- WHAT THE EXERCISE ASKS: The result should be every line in the data below that carries the string "Venta".

"""

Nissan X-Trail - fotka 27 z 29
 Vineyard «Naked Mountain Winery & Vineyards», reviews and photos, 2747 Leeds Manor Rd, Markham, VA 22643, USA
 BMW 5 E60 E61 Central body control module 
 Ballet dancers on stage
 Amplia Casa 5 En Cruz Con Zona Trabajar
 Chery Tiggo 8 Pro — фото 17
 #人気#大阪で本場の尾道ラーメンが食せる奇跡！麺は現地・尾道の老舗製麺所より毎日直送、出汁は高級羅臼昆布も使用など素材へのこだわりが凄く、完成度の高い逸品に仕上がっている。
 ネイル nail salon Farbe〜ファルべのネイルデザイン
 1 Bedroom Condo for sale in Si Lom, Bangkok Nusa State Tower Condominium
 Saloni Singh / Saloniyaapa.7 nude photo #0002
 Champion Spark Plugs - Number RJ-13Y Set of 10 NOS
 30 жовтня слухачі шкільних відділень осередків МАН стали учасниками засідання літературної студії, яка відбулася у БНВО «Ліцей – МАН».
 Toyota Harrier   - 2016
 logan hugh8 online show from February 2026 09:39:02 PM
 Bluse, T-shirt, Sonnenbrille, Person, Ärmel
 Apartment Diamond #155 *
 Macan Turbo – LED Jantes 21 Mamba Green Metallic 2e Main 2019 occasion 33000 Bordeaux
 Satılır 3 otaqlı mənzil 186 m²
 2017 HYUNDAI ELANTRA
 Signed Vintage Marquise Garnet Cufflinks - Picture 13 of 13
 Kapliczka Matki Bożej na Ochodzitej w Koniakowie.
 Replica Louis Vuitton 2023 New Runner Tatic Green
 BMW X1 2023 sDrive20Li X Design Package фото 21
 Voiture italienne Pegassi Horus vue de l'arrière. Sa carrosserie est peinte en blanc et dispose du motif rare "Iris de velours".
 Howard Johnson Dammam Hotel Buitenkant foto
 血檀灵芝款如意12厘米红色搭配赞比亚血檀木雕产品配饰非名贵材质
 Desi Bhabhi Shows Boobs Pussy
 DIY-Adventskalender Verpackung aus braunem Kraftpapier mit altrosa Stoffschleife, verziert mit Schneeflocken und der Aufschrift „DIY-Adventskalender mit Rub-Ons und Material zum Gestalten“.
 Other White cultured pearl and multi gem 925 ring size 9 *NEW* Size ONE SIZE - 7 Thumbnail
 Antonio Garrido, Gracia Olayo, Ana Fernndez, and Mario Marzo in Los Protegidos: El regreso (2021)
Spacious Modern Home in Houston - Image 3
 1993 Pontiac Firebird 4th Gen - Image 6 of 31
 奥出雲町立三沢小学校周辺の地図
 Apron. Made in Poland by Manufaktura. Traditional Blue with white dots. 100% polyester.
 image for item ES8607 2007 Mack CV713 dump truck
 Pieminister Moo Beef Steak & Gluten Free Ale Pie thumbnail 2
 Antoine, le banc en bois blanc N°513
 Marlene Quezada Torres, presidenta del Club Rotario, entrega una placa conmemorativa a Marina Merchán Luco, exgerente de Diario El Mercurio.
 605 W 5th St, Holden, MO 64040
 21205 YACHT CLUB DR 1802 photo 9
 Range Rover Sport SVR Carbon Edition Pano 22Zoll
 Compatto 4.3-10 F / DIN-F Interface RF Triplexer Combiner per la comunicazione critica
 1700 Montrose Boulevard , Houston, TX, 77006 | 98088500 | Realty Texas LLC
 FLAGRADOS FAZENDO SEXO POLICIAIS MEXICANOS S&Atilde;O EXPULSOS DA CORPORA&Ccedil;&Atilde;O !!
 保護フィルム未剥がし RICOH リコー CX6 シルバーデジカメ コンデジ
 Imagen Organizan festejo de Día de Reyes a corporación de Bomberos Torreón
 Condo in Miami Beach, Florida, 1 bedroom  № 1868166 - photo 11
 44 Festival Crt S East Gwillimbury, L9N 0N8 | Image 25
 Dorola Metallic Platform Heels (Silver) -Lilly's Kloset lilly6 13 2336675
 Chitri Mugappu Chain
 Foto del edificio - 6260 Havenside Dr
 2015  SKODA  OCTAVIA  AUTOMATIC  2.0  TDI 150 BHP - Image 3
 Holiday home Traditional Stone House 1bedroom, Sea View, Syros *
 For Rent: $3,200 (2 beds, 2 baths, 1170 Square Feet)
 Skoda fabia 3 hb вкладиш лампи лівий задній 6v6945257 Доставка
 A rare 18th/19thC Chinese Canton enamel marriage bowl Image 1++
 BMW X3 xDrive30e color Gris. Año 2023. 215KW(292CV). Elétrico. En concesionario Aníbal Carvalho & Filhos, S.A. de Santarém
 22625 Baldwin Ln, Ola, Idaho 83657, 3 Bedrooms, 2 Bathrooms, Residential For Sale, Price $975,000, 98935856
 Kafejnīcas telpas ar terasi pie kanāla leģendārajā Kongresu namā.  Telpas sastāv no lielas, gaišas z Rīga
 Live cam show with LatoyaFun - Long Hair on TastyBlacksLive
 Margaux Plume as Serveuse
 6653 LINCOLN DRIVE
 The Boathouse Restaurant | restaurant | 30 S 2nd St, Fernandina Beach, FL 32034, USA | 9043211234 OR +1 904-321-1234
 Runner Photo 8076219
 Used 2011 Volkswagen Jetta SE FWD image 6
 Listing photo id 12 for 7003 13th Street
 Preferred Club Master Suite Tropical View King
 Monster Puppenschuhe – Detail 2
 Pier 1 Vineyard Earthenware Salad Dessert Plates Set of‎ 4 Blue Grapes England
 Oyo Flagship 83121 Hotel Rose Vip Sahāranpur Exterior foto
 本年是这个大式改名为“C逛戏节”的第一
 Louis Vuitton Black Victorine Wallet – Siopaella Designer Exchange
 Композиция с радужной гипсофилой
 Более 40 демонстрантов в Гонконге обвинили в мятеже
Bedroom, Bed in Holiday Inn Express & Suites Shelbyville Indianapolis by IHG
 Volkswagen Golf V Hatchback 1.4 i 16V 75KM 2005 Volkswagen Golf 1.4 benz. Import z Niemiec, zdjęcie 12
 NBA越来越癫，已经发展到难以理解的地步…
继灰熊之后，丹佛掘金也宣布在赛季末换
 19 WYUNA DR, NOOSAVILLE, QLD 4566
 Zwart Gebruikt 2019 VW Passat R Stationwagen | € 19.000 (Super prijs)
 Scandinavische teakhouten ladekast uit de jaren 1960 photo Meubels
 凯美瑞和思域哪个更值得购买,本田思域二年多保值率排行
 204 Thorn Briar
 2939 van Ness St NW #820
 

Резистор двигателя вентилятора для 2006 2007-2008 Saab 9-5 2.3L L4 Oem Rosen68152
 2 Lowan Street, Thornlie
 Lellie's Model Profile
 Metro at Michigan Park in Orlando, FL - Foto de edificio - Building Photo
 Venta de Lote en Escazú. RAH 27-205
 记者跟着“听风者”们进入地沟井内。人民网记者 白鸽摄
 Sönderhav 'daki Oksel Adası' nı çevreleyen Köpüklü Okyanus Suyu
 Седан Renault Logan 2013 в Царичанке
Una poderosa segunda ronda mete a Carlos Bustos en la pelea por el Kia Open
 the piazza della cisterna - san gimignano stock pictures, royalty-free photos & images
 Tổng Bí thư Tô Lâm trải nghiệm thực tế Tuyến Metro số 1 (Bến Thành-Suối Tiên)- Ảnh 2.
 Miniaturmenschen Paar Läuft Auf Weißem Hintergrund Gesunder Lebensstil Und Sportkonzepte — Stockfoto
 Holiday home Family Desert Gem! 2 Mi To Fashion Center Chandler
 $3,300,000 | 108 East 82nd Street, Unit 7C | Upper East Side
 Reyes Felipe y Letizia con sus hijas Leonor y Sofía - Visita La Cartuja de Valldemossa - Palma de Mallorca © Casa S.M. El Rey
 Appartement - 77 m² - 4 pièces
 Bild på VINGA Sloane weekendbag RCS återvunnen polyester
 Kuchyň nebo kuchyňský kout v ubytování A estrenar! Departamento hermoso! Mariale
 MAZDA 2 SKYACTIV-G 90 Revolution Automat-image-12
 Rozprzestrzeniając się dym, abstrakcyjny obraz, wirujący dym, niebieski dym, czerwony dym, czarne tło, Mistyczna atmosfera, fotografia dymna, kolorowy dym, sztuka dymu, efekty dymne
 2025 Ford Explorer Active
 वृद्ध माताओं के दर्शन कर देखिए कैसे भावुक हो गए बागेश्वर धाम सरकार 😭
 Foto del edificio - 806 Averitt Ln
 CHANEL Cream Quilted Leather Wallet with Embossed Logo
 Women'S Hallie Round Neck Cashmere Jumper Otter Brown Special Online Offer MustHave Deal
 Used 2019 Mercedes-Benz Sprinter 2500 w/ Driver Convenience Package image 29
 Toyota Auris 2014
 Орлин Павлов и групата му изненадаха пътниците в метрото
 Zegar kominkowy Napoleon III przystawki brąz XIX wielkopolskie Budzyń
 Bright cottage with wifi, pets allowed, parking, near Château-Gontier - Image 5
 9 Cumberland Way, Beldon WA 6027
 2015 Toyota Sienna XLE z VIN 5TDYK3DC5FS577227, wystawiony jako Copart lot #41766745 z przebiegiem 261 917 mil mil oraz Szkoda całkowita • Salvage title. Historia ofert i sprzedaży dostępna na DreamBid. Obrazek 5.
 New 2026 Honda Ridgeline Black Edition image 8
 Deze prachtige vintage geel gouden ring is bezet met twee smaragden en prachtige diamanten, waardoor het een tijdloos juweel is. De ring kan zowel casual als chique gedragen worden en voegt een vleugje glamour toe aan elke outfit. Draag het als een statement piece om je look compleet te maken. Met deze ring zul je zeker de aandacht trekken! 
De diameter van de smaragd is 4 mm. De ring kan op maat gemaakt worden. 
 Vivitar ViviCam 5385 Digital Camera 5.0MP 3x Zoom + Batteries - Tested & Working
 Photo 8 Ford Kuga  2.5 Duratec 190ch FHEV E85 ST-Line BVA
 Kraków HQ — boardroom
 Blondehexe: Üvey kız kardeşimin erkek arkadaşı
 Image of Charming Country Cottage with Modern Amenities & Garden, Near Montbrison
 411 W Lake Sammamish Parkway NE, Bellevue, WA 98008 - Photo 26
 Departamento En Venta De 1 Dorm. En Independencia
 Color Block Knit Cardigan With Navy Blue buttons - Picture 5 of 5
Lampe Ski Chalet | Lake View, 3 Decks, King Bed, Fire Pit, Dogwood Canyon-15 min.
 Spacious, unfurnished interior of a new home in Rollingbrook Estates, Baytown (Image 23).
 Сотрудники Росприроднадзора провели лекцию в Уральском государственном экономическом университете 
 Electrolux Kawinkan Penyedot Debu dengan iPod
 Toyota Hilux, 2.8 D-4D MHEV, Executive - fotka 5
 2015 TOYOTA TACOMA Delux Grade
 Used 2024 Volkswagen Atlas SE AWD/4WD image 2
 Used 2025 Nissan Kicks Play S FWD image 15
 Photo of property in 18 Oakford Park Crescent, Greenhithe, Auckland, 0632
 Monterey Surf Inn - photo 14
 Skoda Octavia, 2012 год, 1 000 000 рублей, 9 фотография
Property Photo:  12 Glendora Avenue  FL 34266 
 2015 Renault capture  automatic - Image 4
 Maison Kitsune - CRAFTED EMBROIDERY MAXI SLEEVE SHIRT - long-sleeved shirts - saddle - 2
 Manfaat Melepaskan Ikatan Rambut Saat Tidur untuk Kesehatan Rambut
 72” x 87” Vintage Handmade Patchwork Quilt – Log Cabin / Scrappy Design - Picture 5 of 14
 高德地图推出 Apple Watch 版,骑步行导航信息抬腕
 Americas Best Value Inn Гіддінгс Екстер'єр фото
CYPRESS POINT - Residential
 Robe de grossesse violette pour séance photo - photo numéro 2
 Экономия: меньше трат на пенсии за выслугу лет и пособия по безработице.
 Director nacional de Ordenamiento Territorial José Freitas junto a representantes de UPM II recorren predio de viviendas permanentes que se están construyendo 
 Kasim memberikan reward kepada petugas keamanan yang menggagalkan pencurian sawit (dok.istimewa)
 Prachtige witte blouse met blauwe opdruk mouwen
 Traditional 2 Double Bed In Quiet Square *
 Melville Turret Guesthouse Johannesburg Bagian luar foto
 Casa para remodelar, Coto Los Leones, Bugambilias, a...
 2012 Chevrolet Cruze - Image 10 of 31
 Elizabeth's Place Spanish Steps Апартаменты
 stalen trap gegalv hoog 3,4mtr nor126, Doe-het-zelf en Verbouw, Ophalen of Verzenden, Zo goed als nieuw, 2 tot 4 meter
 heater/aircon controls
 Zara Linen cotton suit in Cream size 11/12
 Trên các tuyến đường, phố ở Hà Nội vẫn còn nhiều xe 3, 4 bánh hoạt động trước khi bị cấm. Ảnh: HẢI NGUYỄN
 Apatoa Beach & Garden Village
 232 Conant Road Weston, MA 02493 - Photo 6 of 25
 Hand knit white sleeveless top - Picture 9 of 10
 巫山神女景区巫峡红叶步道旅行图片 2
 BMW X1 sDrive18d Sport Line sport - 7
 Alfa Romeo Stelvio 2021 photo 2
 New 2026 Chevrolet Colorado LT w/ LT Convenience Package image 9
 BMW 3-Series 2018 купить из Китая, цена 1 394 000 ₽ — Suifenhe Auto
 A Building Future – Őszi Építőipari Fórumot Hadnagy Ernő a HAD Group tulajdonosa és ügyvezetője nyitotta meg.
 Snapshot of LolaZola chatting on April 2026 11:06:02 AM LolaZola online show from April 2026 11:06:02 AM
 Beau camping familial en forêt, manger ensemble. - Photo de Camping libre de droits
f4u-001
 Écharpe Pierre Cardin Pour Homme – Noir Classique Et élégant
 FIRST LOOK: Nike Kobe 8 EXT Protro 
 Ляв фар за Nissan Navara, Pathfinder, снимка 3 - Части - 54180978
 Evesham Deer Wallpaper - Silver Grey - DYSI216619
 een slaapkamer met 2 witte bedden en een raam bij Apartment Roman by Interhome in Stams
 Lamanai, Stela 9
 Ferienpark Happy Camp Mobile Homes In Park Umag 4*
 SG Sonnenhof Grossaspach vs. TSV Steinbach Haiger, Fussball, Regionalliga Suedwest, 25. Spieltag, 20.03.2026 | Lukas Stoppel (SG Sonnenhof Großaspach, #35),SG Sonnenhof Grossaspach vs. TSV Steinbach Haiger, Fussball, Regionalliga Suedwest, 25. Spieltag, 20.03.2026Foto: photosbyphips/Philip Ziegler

"""

- RESULT:
 Venta de Lote en Escazú. RAH 27-205
 Departamento En Venta De 1 Dorm. En Independencia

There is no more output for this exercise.